HC Deb 07 June 2000 vol 351 cc276-8
5. Mr. Steve McCabe (Birmingham, Hall Green)

In which areas of Mozambique the main British aid effort is concentrated. [123174]

The Secretary of State for International Development (Clare Short)

We are working at national level to support Mozambique's impressive commitment to reform. We are supporting customs reform, health and education reform and providing budgetary aid. I am happy to tell the House that I have recently decided that Mozambique should have a further £40 million in budgetary aid. Our provincial focus is in Zambezia province, which is one of the poorest areas of Mozambique and was a major centre of fighting during the civil war. We are focusing there on de-mining, land reform, rural roads and micro-finance.

Mr. McCabe

I thank my right hon. Friend for that reply. Does she agree that before the floods, Mozambique was almost a model in Africa for progress in its economy and efforts to heal the divisions following the brutal civil war? What progress is the country making in recovering from the devastating effect of the floods?

Clare Short

My hon. Friend is right; Mozambique is a star. After years of war and bad economic management, it raised its economic growth to 9 per cent. a year. That is the kind of level that countries in Africa need to move the economy forward and reduce poverty. Mozambique is a country of desperate poverty, but with a very powerful commitment to reform and making great progress. The floods set it back, and this year's economic growth will probably be 5 per cent.—but still positive. The expectation of all donors in the international financial institutions is that Mozambique will recover and get back on its path of growth and reform.

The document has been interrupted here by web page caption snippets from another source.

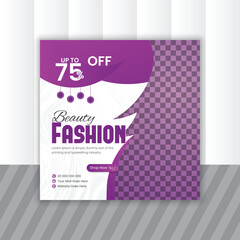 Fashion social media post design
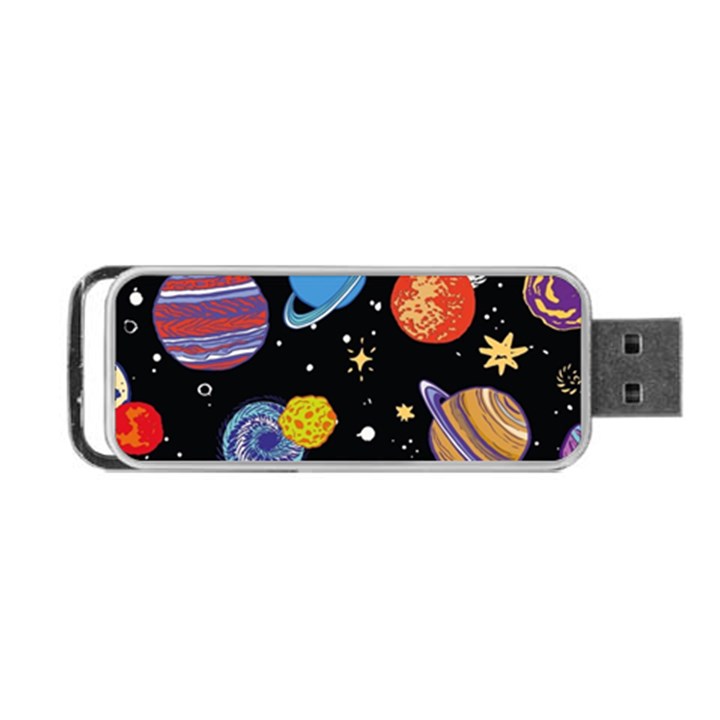 Space Galaxy Art Cute Art Portable USB Flash (Two Sides)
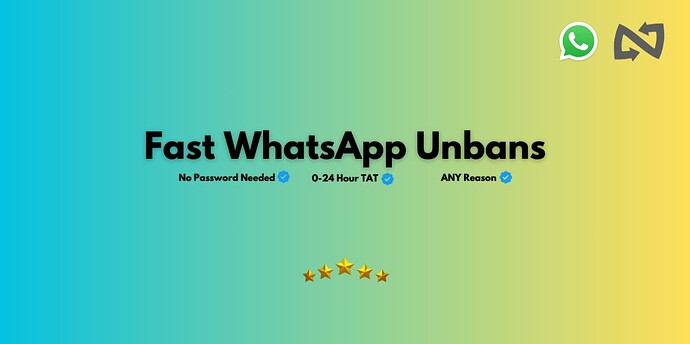 FAST WHATSAPP UNBANS!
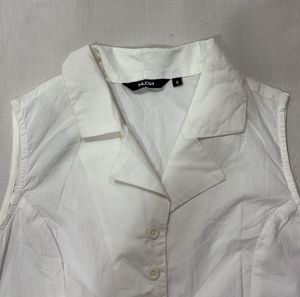 White Sleeveless Top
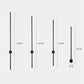 Nordic Modern LED Longer Wall Lamp Living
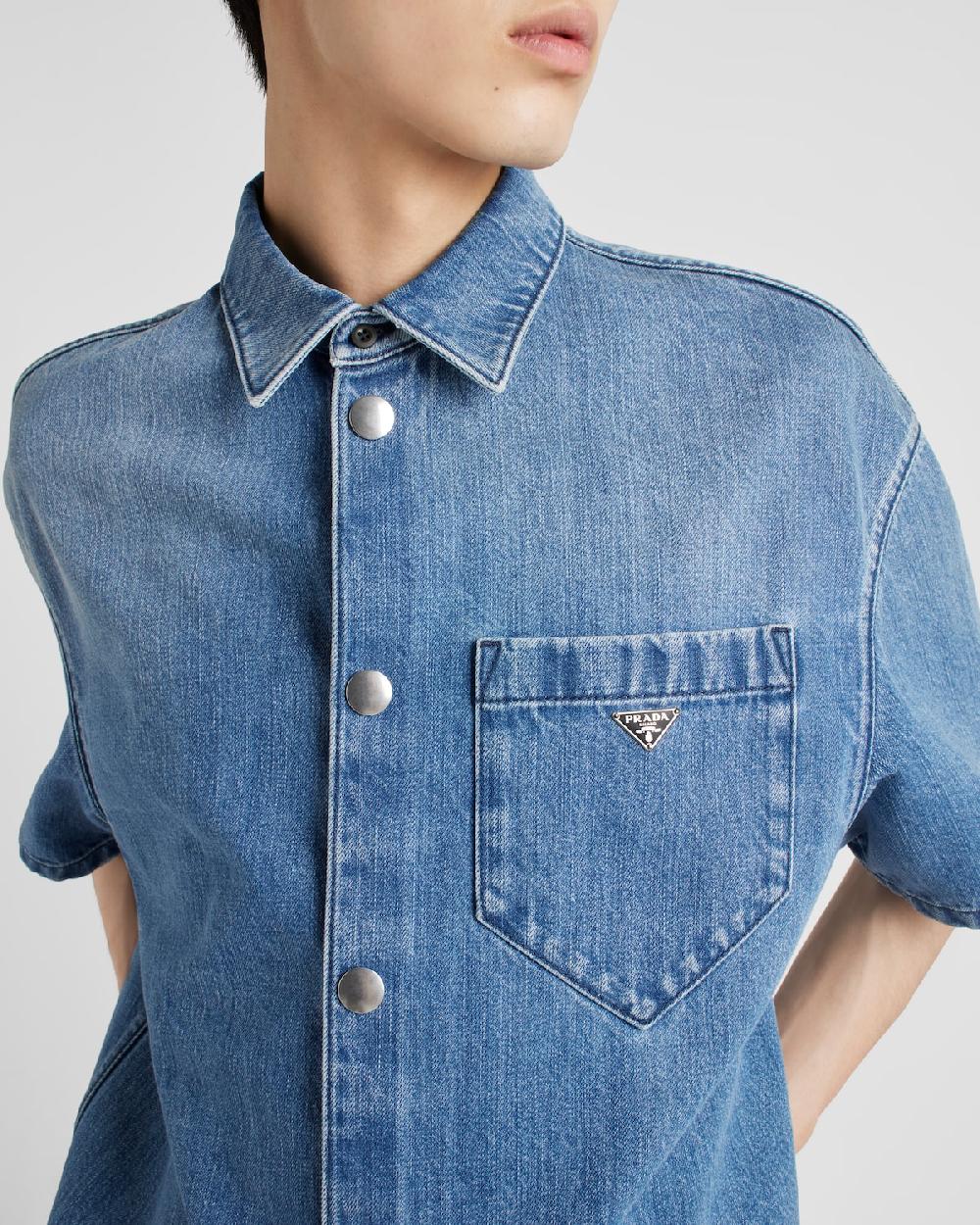 Prada Camisa Vaquera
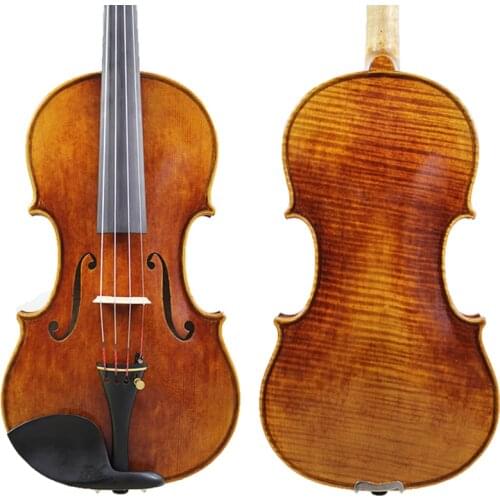 60-y old Spruce!Guarnieri 'del Gesu''Ole Bull' Violin violino Copy! M9018 One Pc Back!Concert 4/4 Violin, Top Oil Varnish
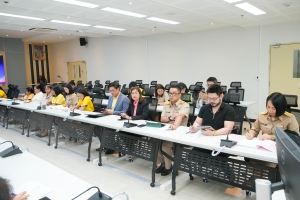 มรภ.เทพสตรี จัดประชุมชี้แจงการแบ่งส่วนราชการภายในมหาวิทยาลัยฯ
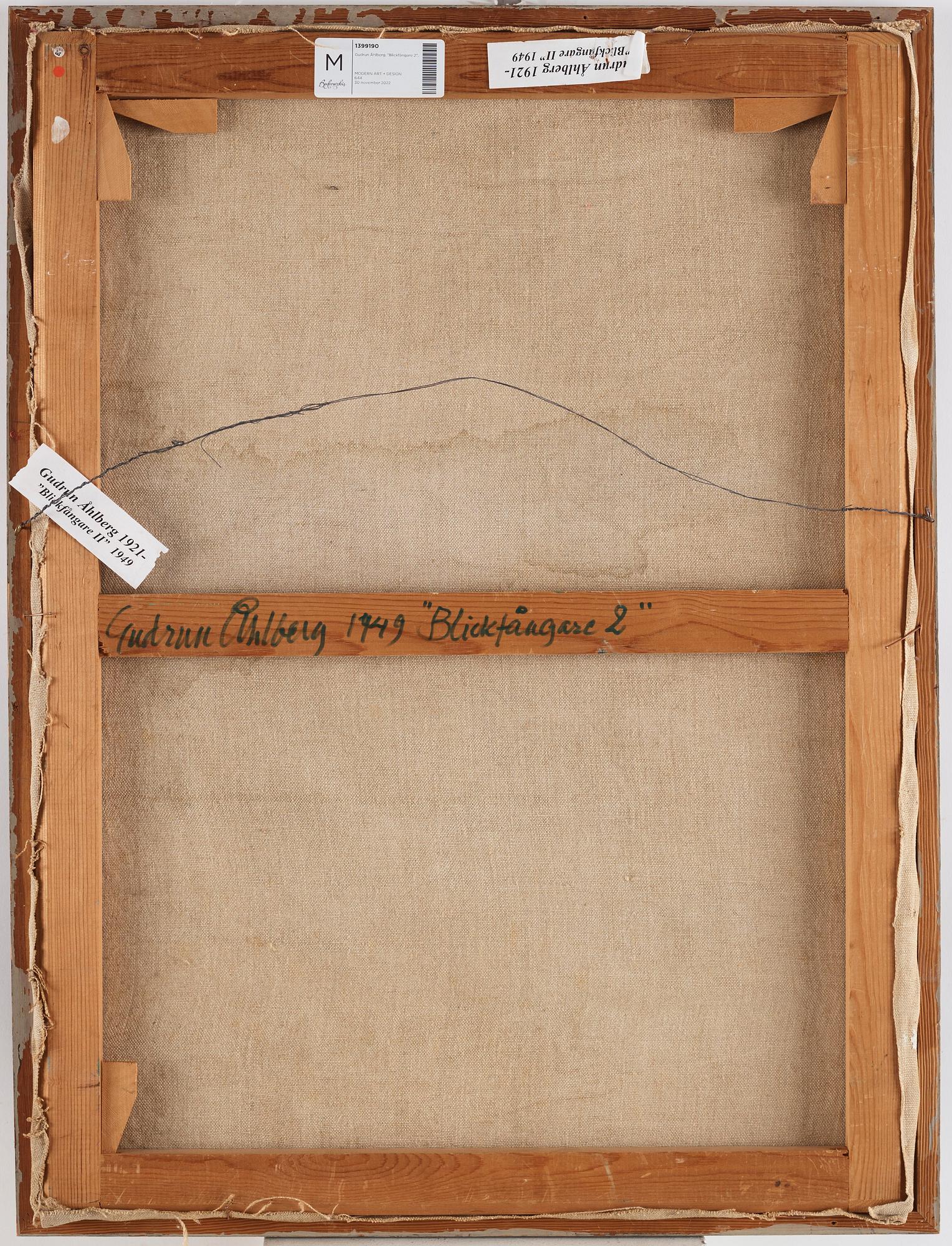 Gudrun Åhlberg, "Blickfångare II".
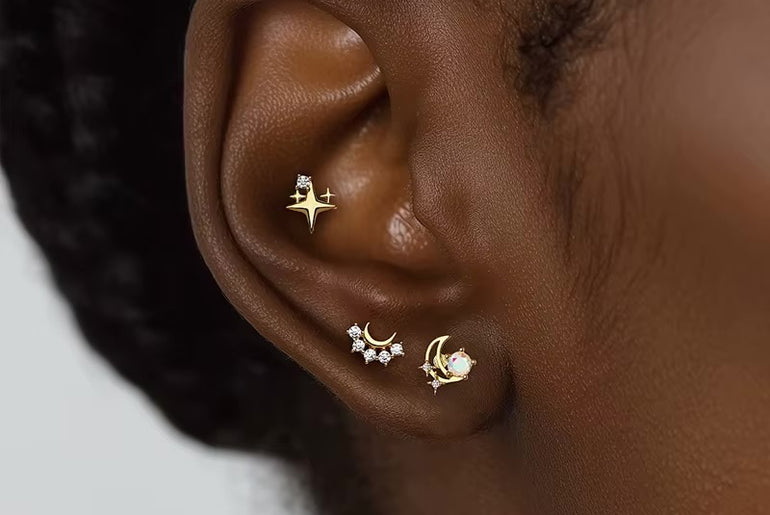 Celestial Trio Stud Collection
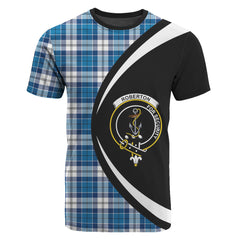 Roberton Tartan Crest T-shirt - Circle Style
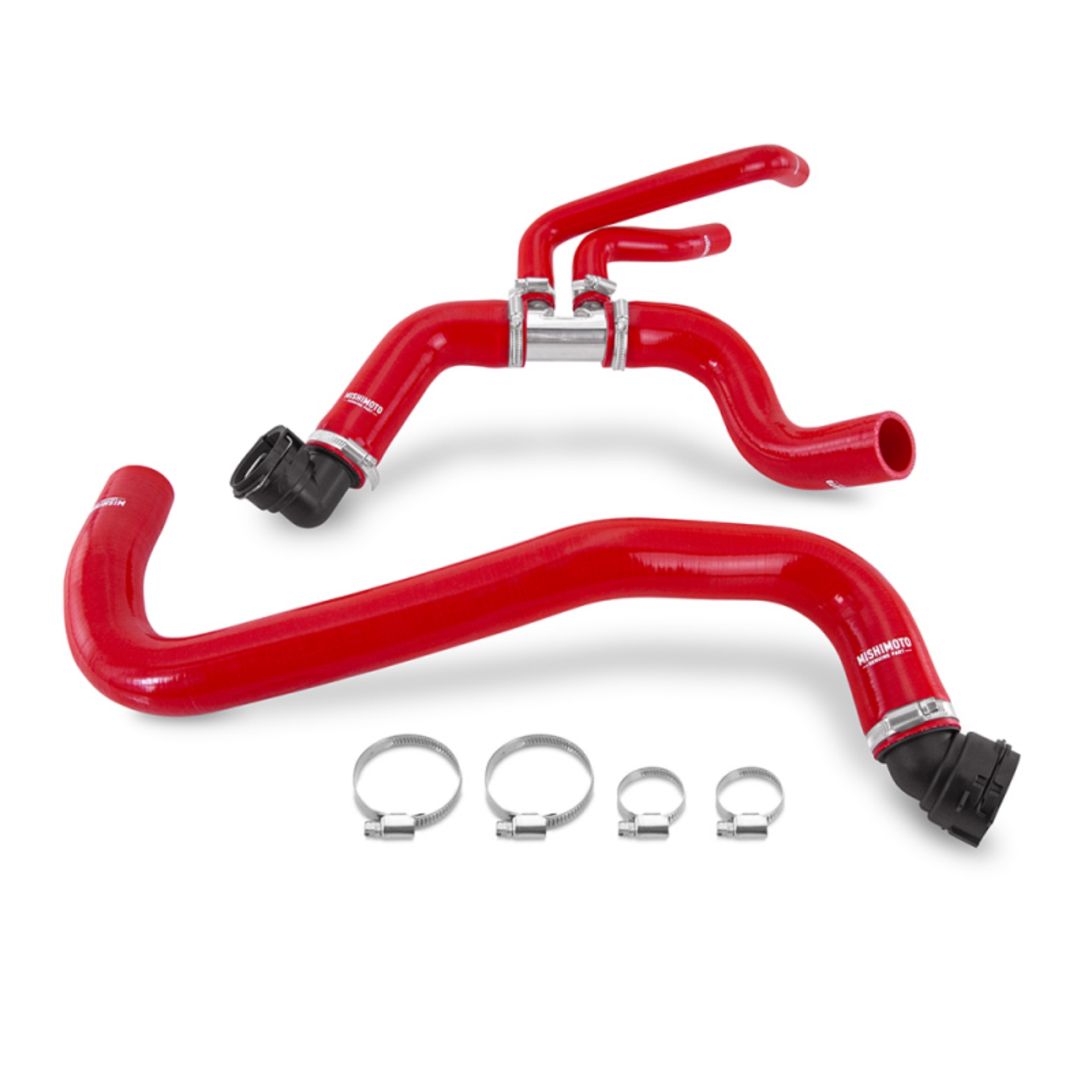 Picture of Mishimoto 11-14 Ford F-150 5-0L V8 Radiator Hose Kit - Red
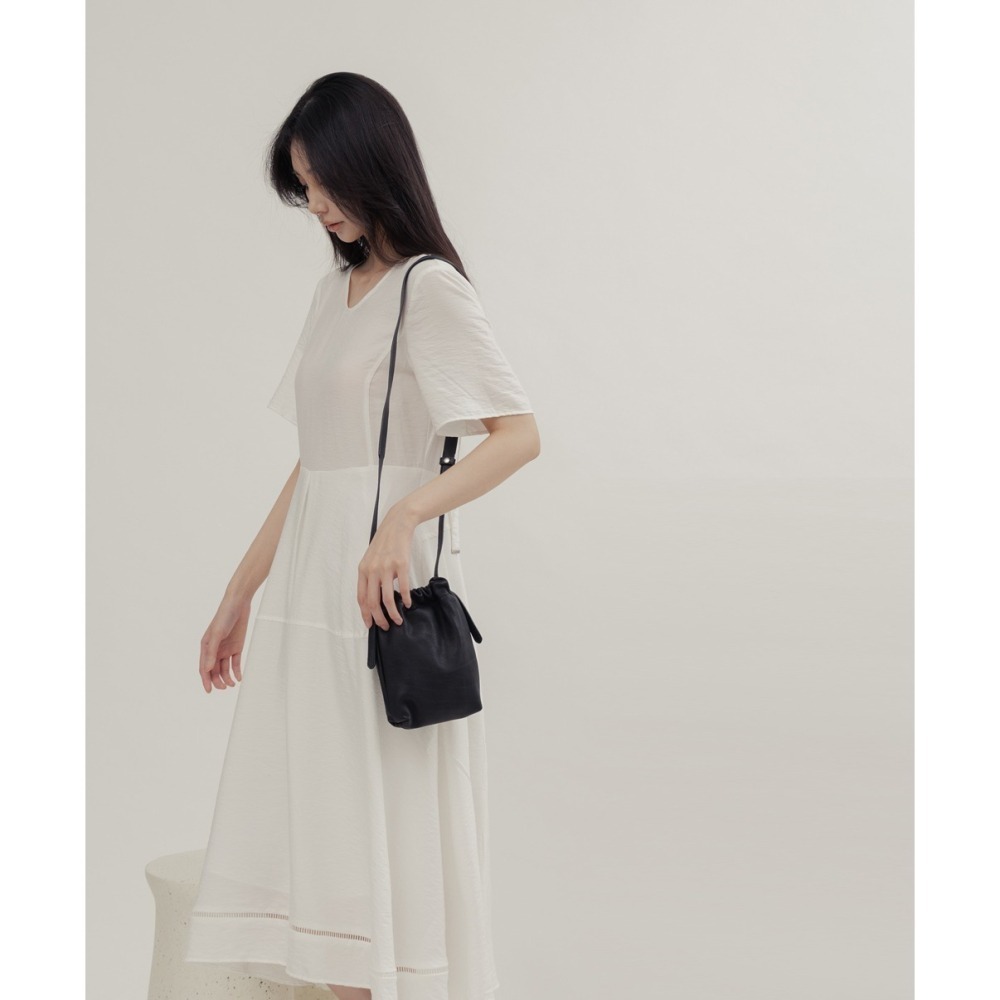 Supportingrole 慵懶俐落正式休閒真皮水桶肩斜背包-細節圖5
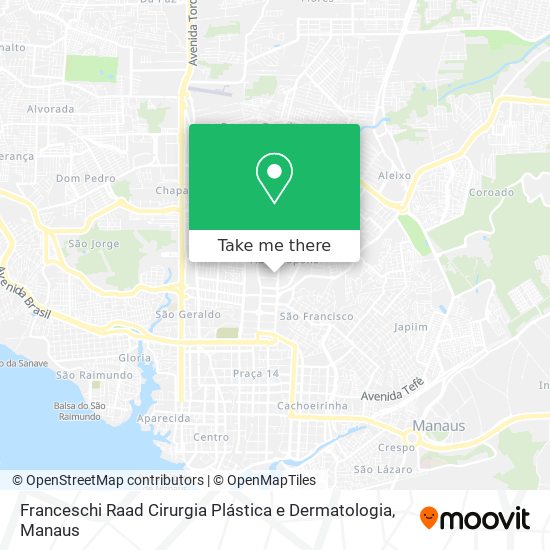 Franceschi Raad Cirurgia Plástica e Dermatologia map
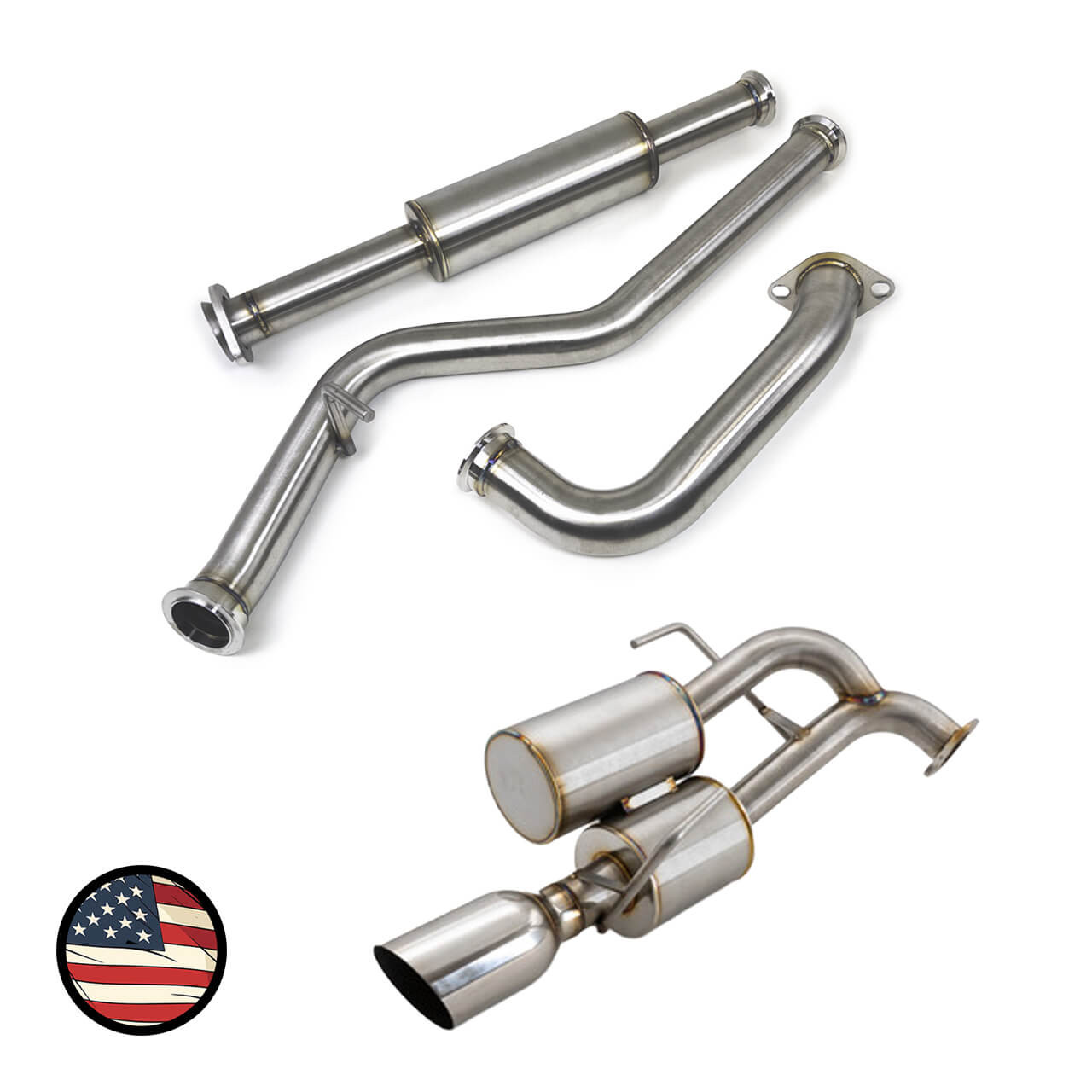 Dual Chamber Catback Exhaust with 5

Mr. Gary Streeter (South-West Devon)

Will the Secretary of State confirm that her departmental report this year includes a cut of £24 million in spending on Mozambique over the next three years? Is that not a reflection of the fact that under Labour the British aid budget expressed as a percentage of gross national product has fallen from 0.27 per cent. in 1997 to 0.23 per cent. in 2000? Will she confirm that that is a clear breach of the manifesto commitment that she gave to increase the aid budget expressed as a percentage of GNP?

Clare Short

No, I cannot confirm that. The hon. Gentleman's questions confirm the fact that he has serious numeracy problems. There has been no cut in our aid programme. This year, there has been the biggest increase in aid spending in one year—an all-time record in the British aid programme. Because the OECD development administration committee in Paris counts in calendar rather than financial years, there is a technical flaw in the figures, as it says in its announcement. The hon. Gentleman needs to go back to school for some arithmetic lessons.

Mr. Streeter

The Secretary of State's excuses simply will not do. She used to attack us on the basis of the GNP figures, and she must accept those figures herself. She cannot confirm my points—though she is wrong—so will she confirm that she is presiding over the lowest GNP spend on aid for 30 years? Will she confirm that for the first time in a decade, despite all her spin and hype, the British aid spend is less than the average of OECD countries? Will she confirm that even according to her Department's figures, the average GNP spend on aid over this Parliament will be less than that over the previous Parliament? She said that under Labour, GNP spend would go up; it has gone down. Is it any wonder that the British people are beginning to reject this Labour Government?

Clare Short

The hon. Gentleman has got serious problems with any attachment to accuracy and truth. It is the job of Oppositions to oppose. but it is also their job to accept facts as facts. I have just told the hon. Gentleman that, after years and years under the Government of whom he was a member—in a junior capacity, admittedly—there was decline and decline in Britain's aid budget. That has been reversed. This year there is the largest ever increase in a single year. There is a technical measure in the OECD development administration committee's announcement, but it adds that that is a technical measure, and that Britain's programme is going up. So, no: the hon. Gentleman is wrong, wrong, wrong, not attached to the truth, and has real numeracy problems.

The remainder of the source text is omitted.